That’s what it felt like for a few years anyway. Things just weren’t what I anticipated when I left school and threw myself into University life, that I was sceptical of going to in the first place (I’ll get to that in a bit).
‘What’s for you won’t go past you,’ as my ma liked to remind me every so often, when something went wrong or didn’t work out the way I wanted… Usually to my own accord mind you. Being too laid back, going with the flow and thinking everything would work out eventually. Or, was I just being too lazy and not taking life into my own hands? Lazy probably being the obvious answer.
They say things happen for a reason, and everybody is on a different path in life. Perhaps my path was just a little different than usual? I’ve often asked myself this question. Quite simply, I’ve learned a lot from my experiences and journey so far. It has allowed me to become more mature (very debatable) and understand ‘me’ a little better. So here it is.
In school, my degree of choice, at that time, was available to study at either Ulster University Coleraine or Queens Belfast. Queens being the more desirable choice of the two as I was enticed by the reputation of being a ‘Queens student’ but, I didn’t get the grades; Shock…
After multiple meetings with the VP of our school, he convinced me to take on the challenge of going somewhere other than Belfast and the Rose & Crown, thinking it would be the best for me. For me, a gap year was off the cards. Even if it was Coleraine, I just wanted to get to Uni and experience the student lifestyle. So I bought into it.
I had it all planned out in my head, new adventure, living away from home, house parties, maybe go to class the odd time, go for runs on the beach on my days off and hopefully in the end of it all get my degree. Absolutely, none of these things happened. After a month into the course I realised I hated it. I was staying in halls, living with two other lads that were, to say the least, not the most social of people; so the house parties were soon knocked on the head. Living away from home was not great, as I soon came to realise. Living on microwavable meals every day, it was fair to say I missed my mas cooking. And for the runs on the beach, it was f*@King freezing. The picture I had in my head, Uni life turned out to be everything but that.
To no surprise, shortly after February I dropped out. From then I took on my first full-time job. Having no degree or trade, my choices were limited. It’s true what they say, beggars really can’t be choosers. But could factory work really be that bad? The full-time pay did sound good after all. The following March, I started on the factory floor. A normal day-to-day in the factory consisted of; packaging eggs, standing at the same spot looking at the same assembly line and the same people for 10 hours a day, 6 sometimes 7 days a week. Before swiftly getting ‘pRoMoTeD’ to dispatch. Here was just a slight upgrade from hell, were I loaded deliveries onto Lorries to be distributed to local supermarkets. As EGGxiting as this all sounds, it wasn’t.
I spent 9 months there, before getting fed up with the long hours and I can assure you, my hate for eggs was very REAL. I don’t think I ate an egg for a month or 2 after I quit, the bad memories just weren’t worth it.

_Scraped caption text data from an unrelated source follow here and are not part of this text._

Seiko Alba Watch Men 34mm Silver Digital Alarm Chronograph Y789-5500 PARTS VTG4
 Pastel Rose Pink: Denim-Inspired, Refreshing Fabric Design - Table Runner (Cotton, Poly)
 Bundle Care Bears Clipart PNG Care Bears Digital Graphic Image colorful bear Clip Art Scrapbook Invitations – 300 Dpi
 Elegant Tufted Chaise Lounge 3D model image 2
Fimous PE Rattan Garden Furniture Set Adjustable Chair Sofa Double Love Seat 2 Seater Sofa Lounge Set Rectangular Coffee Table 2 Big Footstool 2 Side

My next move didn’t get much better. I went and done sparking for a few months travelling throughout the UK spending a lot of my time away from home, working 12 days at a time. I was 19, homesick and had hated the thought of missing out with the lads, the craic back home and feeling the football season just passing me by. Life just wasn’t the same. Yet another job that wasn’t what I wanted or could picture myself doing all my life.
Lo and behold the prodigal son has returned!!!
Yes, I was back in the egg business, something I thought I’d never see again (never say never). People need their eggs, and no better man to get the job done and provide that service than myself. . . . . However, I knew this wasn’t my path. At least I hoped not.
I lasted another 6 months before getting a job in engineering which I actually liked, but I think that was more to do with the craic with the men more so the work. I wasn’t getting a break with the right jobs. It really did feel like once one door closed, the right door was firmly closed shut and wasn’t for opening anytime soon. The only doors I seemed to unlock were dead end jobs.
As they like to remind us, mums are always right. This is leading me onto ‘what’s for you won’t go past you’ paragraph. At work, the men would have kindly nominated myself to do the weekly run to the local deli to get them a fry on a Friday morning. A treat for us at the end of a hard weeks work – few of them could definitely have done with a salad instead, which I liked to remind them of. One morning, I bumped into an old teacher of mine. As we got chatting, I told him I had an idea of going back to university but had no idea what field to go down. Without hesitation, he arranged a date for us to meet up. I agreed to go, in hope for inspiration and to start a new path in life. A clean slate.
Finally, a door worth opening.
There’s a silver lining to every story, including this one. Who knew a run in with my old teacher would give me the push I needed to make another attempt at Uni. This time it was different, I knew this because of what I had come through in comparison to when I started in Coleraine, 3 years previous. Here I am, in my final year studies writing my first blog. Who would have guessed with my track record? So if you’re struggling like I was, keep banging on them doors, hoping the right one will open and if not, put it through.